Directions for this task: Reproduce the material below line by line, beginning with its first line and ending with the line that contains "Used 2017 Ford"; leave out pictures.

Listed records:
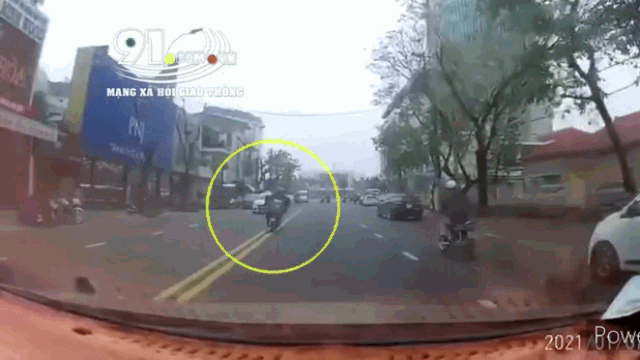 Video: Nữ ninja chạy lấn làn, đâm trực diện vào đầu ô tô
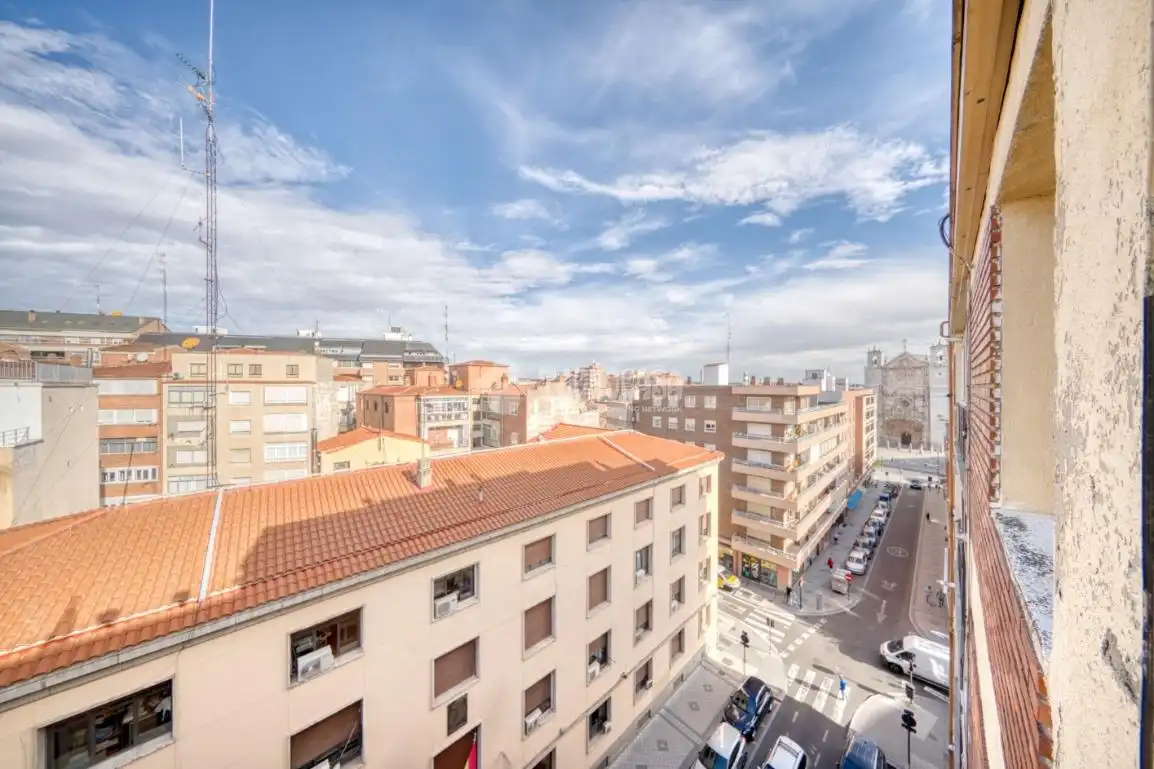 Vista exterior de Pis en venda en Valladolid amb Calefacció, Terrassa i Traster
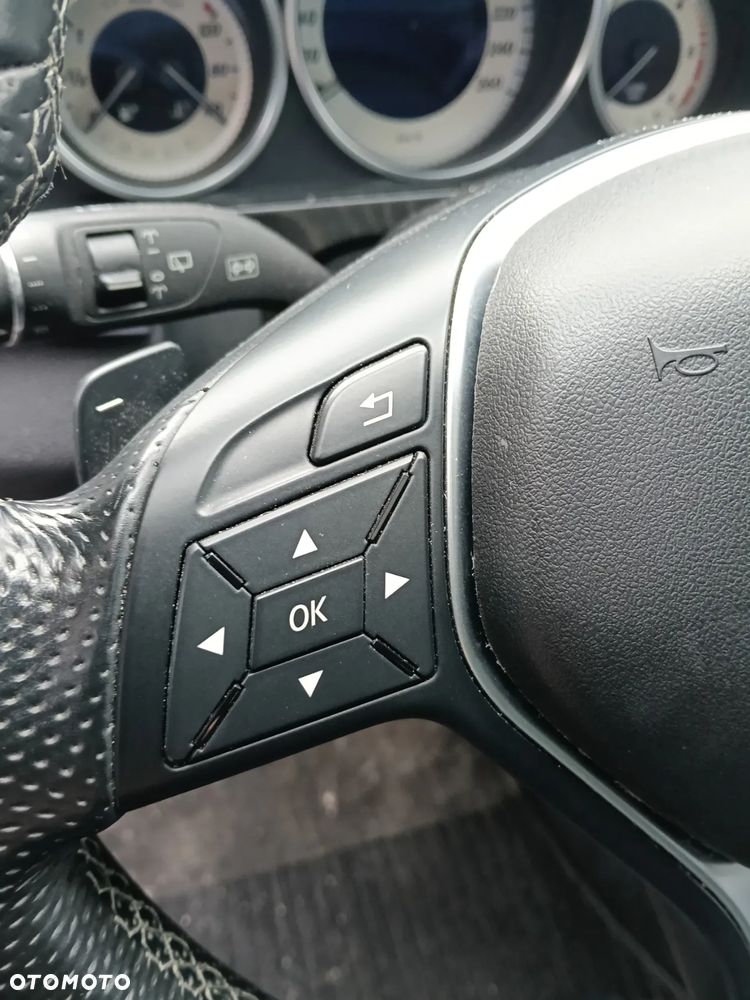 Mercedes-Benz Klasa E 220 CDI 7G-TRONIC Avantgarde - 33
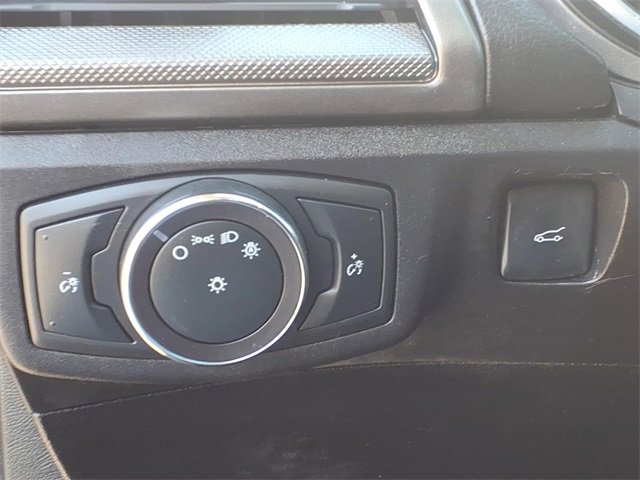 Used 2017 Ford Fusion SE w/ Fusion SE Technology Package image 17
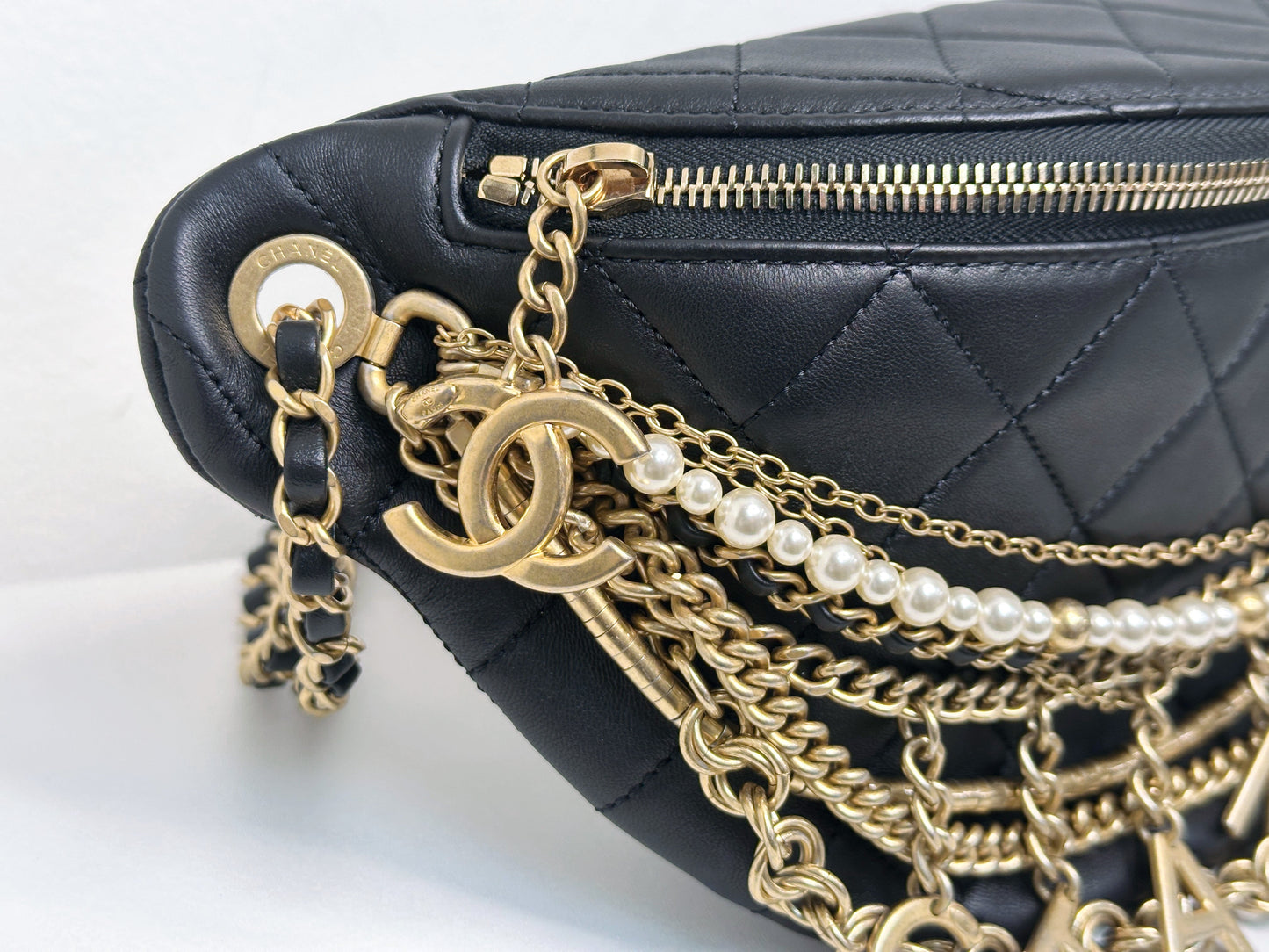 CHANEL 19A BLACK ALL ABOUT CHAINS PEARL FANNY PACK BAG GHW 2806 holo card
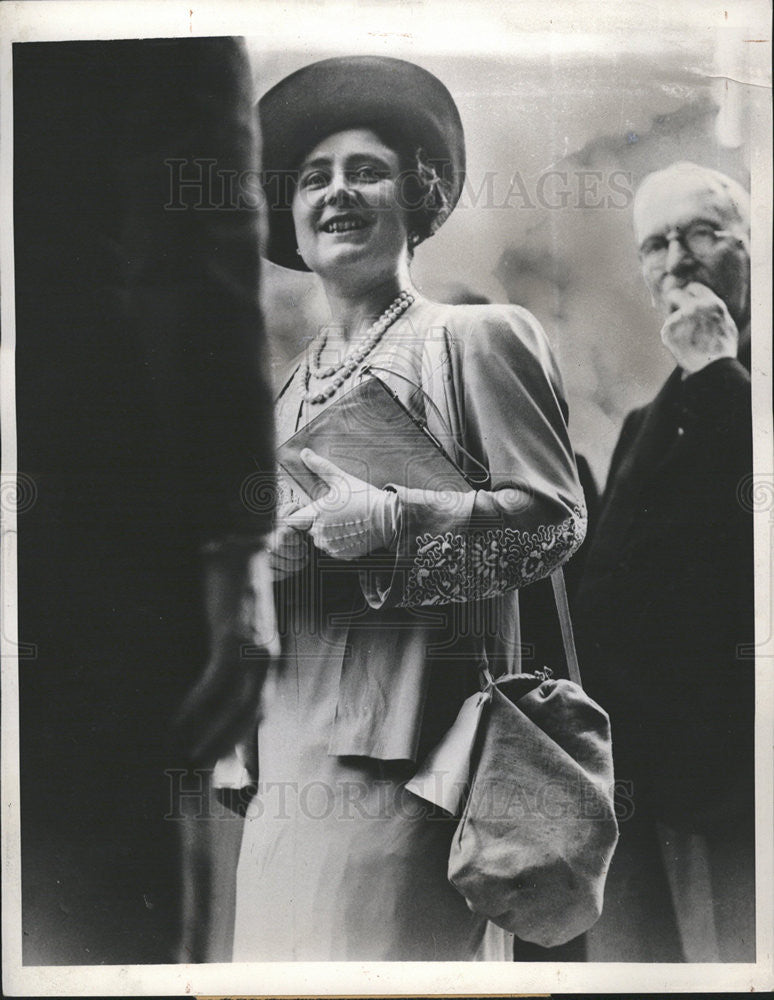 1939 Press Photo Queen Elizabeth England - Historic Images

Expected answer:
 Video: Nữ ninja chạy lấn làn, đâm trực diện vào đầu ô tô
 Vista exterior de Pis en venda en Valladolid amb Calefacció, Terrassa i Traster
 Mercedes-Benz Klasa E 220 CDI 7G-TRONIC Avantgarde - 33
 Used 2017 Ford Fusion SE w/ Fusion SE Technology Package image 17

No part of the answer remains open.